Monday, October 05, 2009

Could be a good time to be not yet in print

Google and the Authors Guild announced today that they're revising an agreement to pay authors for printed books that get read online. Along with the American Association of Publishers, the parties wanted to give Google the clear path to scanning millions of printed works, then offering them to read over the Web.

There might be no better time to stay out of print than now, while your as-yet-unpublished book isn't covered by the agreement. Published writers, you and your publisher have until June, 2010 to file an objection to the agreement if Google has already scanned your book. Nobody has seen the latest version of the agreement promised today. But DC Comics and Microsoft have filed objections to the existing settlement.

The Authors Guild threw up a roadblock to Google's scan-and-display policy when it was announced last year. A fairness hearing in US, scheduled for today, has been delayed until next month.

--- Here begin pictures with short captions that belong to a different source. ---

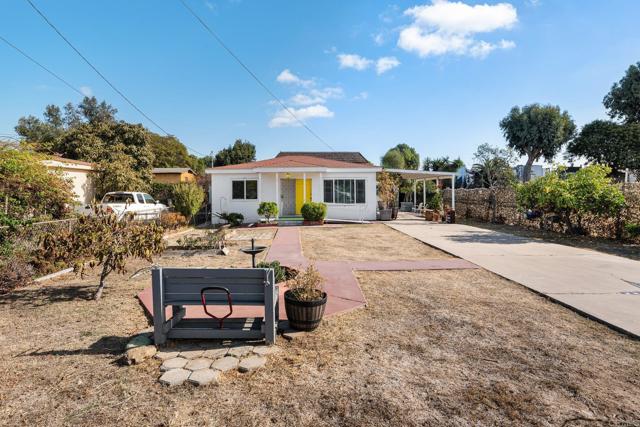 354 Sunrise Drive, San Ysidro CA: https://media.crmls.org/mediaz/6e1d58a0-48ac-47f3-b9a7-6f6b0465ba35.jpg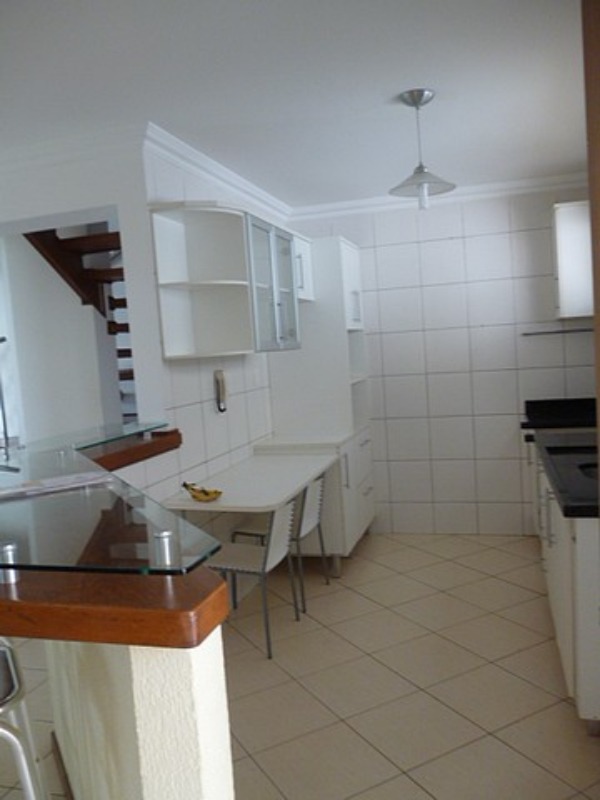 Casa para alugar com 3 quartos, 150m² - Foto 13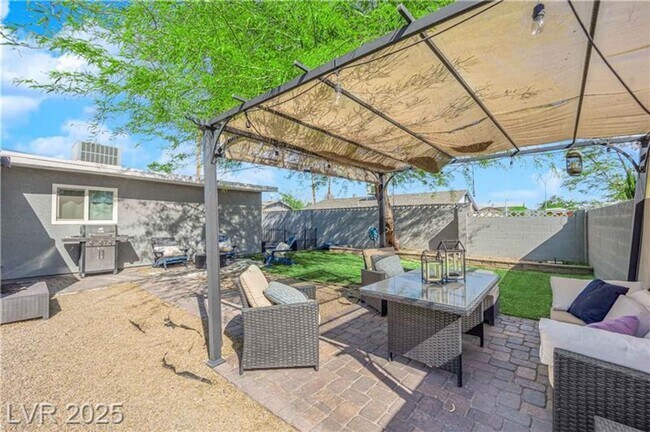 Building Photo - A Must See!! 5 bedroom 3.5 Bathroom home i...
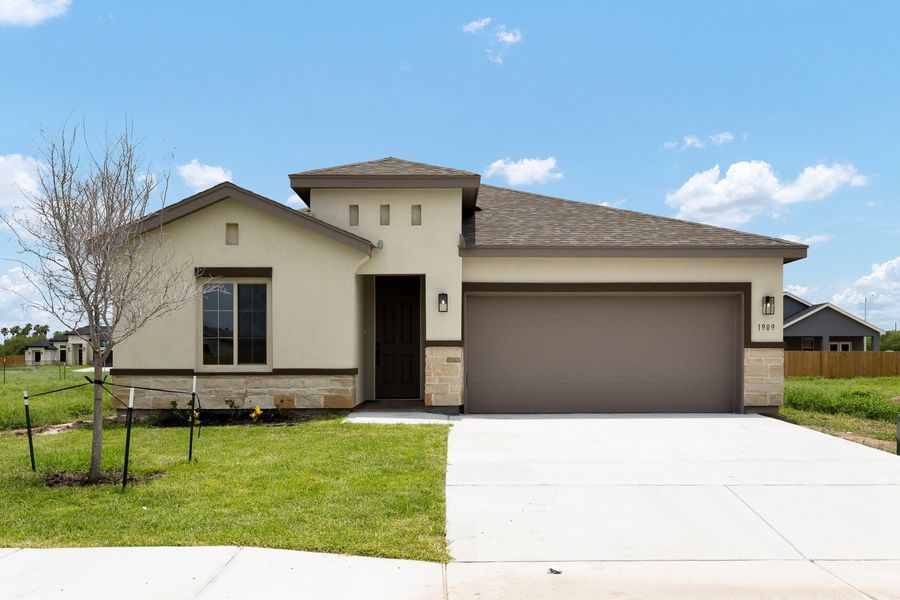 Front exterior of a home in the Paloma Ranch community, located in Harlingen, TX (Image 27).
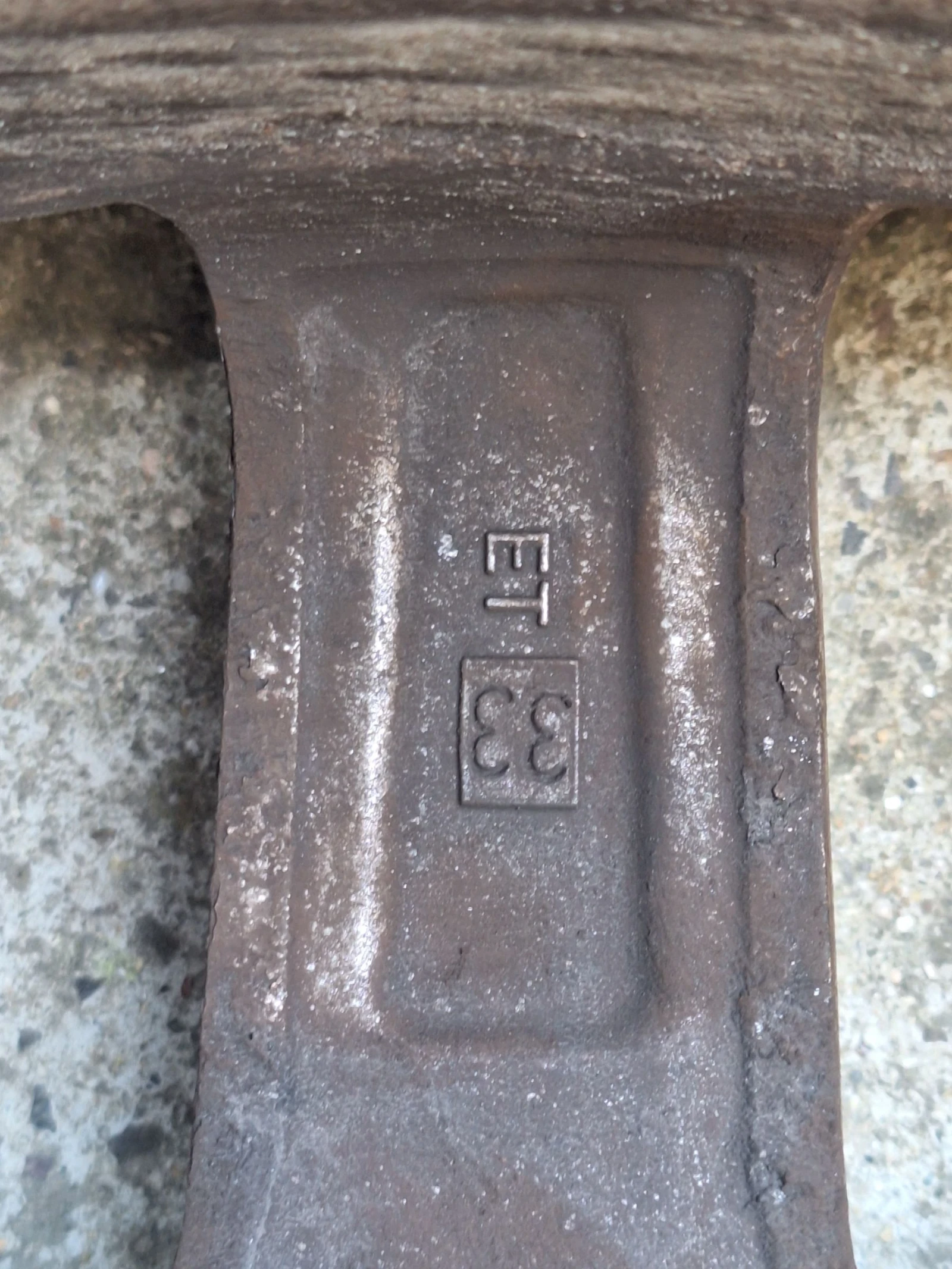 Гуми с джанти Bridgestone 195/65R15, снимка 6 - Гуми и джанти - 53998865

The Guild is the domain of the published writer, and the organization takes its eligibility to an exclusive level. Even if you have a book contract, it must "include a royalty clause and a significant advance, and must allow the author to retain copyright." Independent book publishers, who are accepting new books from new authors at a faster rate than major presses, are skipping advances these days. The Guild accepts members whose books are "published by an established American publisher... excepting small literary presses of national reputation."

So whatever agreement the Guild, major publishers and Google arrive at, it won't keep you from disputing when Google scans your small-press book and charges to read it. With exclusive eligibility requirements like these, Google is just ensuring that those left out of the agreement will probably welcome the online readership as a way to promote the books -- which will likely have links to online stores. That's where Google makes its money anyway, not in the per-reader charges.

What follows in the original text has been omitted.